China is engaged in active, high-profile diplomacy in the Middle East, ranging from presidential visits to Egypt, Saudi Arabia, and Iran to a mediation effort in the Syrian civil war earlier this year. Beijing's One Belt, One Road initiative to connect major Eurasian economies through infrastructure, trade, and investment relies in part on stability across the oil-supplying states of the Middle East.
The Middle East Institute (MEI) was pleased to host Dr. Pan Guang (Chinese Association of Middle East Studies) for a discussion of the drivers and impacts of China's increasingly complex role in the Middle East, the objectives Beijing and regional capitals are pursuing in their relations, and the implications for the United States.
Paul Salem, MEI vice president for policy and research, moderated the discussion.
Dr.
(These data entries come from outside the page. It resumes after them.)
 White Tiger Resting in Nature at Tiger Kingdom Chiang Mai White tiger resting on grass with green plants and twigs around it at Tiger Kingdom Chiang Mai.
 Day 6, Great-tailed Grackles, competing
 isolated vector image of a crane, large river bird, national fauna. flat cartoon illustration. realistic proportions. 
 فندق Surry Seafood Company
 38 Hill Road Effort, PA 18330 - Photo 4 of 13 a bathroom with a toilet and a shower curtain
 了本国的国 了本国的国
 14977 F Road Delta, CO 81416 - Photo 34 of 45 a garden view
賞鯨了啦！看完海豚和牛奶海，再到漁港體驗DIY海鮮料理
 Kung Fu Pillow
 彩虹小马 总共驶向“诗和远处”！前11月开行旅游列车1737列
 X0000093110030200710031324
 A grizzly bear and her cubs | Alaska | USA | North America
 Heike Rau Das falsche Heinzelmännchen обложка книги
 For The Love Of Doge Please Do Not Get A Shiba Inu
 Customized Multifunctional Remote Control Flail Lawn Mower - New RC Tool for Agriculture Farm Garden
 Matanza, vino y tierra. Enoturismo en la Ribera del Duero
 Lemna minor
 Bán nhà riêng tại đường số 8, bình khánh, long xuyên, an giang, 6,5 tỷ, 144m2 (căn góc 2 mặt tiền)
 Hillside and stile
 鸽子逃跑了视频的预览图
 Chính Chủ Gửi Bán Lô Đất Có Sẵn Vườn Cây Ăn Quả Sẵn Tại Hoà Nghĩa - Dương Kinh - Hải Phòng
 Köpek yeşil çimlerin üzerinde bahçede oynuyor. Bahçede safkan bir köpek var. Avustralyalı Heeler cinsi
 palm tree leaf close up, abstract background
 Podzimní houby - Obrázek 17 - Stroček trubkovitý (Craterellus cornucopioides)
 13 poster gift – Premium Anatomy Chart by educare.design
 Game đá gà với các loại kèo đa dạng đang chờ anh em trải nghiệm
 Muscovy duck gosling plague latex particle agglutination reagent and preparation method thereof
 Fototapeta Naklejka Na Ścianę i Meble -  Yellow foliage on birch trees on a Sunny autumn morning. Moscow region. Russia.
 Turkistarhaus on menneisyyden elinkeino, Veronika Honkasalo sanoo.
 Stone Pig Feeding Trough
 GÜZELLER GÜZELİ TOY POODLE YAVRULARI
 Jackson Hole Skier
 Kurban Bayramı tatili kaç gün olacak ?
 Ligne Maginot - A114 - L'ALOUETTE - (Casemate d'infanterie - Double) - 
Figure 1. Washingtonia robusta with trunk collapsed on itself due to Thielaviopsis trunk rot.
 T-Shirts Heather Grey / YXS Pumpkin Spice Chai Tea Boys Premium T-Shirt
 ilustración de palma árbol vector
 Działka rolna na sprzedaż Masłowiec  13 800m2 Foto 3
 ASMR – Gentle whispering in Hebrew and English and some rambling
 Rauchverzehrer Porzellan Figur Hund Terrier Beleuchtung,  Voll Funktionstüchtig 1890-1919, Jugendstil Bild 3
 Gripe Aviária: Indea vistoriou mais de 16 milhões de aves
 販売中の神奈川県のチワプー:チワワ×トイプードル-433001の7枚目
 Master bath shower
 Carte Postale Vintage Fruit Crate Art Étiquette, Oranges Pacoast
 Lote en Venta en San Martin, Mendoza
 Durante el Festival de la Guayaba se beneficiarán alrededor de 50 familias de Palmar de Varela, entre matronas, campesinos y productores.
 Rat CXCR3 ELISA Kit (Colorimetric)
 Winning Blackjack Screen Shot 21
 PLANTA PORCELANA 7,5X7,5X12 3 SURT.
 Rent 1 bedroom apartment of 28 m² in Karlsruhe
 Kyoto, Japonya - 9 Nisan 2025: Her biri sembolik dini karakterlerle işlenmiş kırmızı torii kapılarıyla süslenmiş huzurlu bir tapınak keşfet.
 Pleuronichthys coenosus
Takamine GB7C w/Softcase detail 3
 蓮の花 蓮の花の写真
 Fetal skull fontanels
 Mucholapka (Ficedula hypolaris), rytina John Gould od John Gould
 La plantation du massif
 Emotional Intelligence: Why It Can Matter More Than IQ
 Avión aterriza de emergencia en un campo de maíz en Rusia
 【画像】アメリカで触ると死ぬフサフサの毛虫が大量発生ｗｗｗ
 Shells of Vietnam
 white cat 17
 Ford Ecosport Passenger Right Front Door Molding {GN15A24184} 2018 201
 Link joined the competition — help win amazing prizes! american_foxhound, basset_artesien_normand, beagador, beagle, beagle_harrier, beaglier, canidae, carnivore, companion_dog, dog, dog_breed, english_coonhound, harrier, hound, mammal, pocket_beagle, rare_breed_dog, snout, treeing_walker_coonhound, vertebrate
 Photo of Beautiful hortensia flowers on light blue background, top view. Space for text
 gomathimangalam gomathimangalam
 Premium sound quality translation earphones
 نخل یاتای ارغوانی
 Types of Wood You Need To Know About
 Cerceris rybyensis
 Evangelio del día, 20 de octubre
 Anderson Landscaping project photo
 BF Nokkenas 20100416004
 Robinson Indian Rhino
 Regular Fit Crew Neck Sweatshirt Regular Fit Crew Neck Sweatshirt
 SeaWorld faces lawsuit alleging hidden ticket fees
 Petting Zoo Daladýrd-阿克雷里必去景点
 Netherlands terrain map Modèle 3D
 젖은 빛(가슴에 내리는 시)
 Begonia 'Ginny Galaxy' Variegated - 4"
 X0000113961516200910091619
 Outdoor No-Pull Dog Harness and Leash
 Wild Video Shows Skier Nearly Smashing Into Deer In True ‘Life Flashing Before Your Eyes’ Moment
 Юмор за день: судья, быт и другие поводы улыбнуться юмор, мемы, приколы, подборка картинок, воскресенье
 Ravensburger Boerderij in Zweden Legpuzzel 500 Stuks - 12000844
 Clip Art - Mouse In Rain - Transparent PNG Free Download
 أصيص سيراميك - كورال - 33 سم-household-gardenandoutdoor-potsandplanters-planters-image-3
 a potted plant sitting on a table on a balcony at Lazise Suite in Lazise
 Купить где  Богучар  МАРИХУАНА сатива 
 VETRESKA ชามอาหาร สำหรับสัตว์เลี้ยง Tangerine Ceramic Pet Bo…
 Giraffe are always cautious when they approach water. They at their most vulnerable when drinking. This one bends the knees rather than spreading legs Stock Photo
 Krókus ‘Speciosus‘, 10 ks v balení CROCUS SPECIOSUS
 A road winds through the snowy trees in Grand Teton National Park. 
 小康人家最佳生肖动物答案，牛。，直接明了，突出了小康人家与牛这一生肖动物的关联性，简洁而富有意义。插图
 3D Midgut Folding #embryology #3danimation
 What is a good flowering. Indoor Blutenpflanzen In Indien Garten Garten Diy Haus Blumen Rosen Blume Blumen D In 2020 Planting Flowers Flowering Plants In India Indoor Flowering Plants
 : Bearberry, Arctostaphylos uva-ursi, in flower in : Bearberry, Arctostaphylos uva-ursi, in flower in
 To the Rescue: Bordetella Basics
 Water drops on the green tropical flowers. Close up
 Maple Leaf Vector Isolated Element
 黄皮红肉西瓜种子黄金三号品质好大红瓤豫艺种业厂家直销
Pan Guang
Vice President of Chinese Association of Middle East Studies
Dr. Pan Guang is vice chairman and professor of the Shanghai Center for International Studies at the Shanghai Academy of Social Sciences, director of the Shanghai Cooperation Organization (SCO) Studies Center, dean of the Center of Jewish Studies Shanghai, and vice president of the Chinese Association of Middle East Studies. He researches and lectures widely on international relations, the Middle East, and Jewish studies and has published numerous books and articles including, “SCO and China’s Role in the War on Terrorism,” “China’s Success in the Middle East,” and “China’s Energy Strategy and Primary Role of the Middle East in This Strategy.” Guang is an international council member of the Asia Society, a senior advisor of the China-Eurasia Forum, and senior advisor on anti-terror affairs to the Shanghai Municipality and the Ministry of Public Security of the People’s Republic of China. He was nominated by UN Secretary-General Kofi Annan as a member of the High-Level Group for the UN Alliance of Civilizations (AoC) in 2005, and appointed as Ambassador of the AoC in 2008.
Vice President for Policy and Research, The Middle East Institute
Paul Salem is vice president for policy and research at The Middle East Institute. He focuses on issues of political change, democratic transition, and conflict, with a regional emphasis on the countries of the Levant and Egypt. Salem writes regularly in the Arab and Western press and is the author of a number of books and reports on the Middle East, including Broken Orders: The Causes and Consequences of the Arab Uprisings (Beirut: Dar Annahar, in Arabic, 2013) and Iraq's Tangled Foreign Relations (Beirut: Carnegie Middle East Center Report, December 2013). Prior to joining MEI, Salem was the founding director of the Carnegie Middle East Center in Beirut between 2006 and 2013.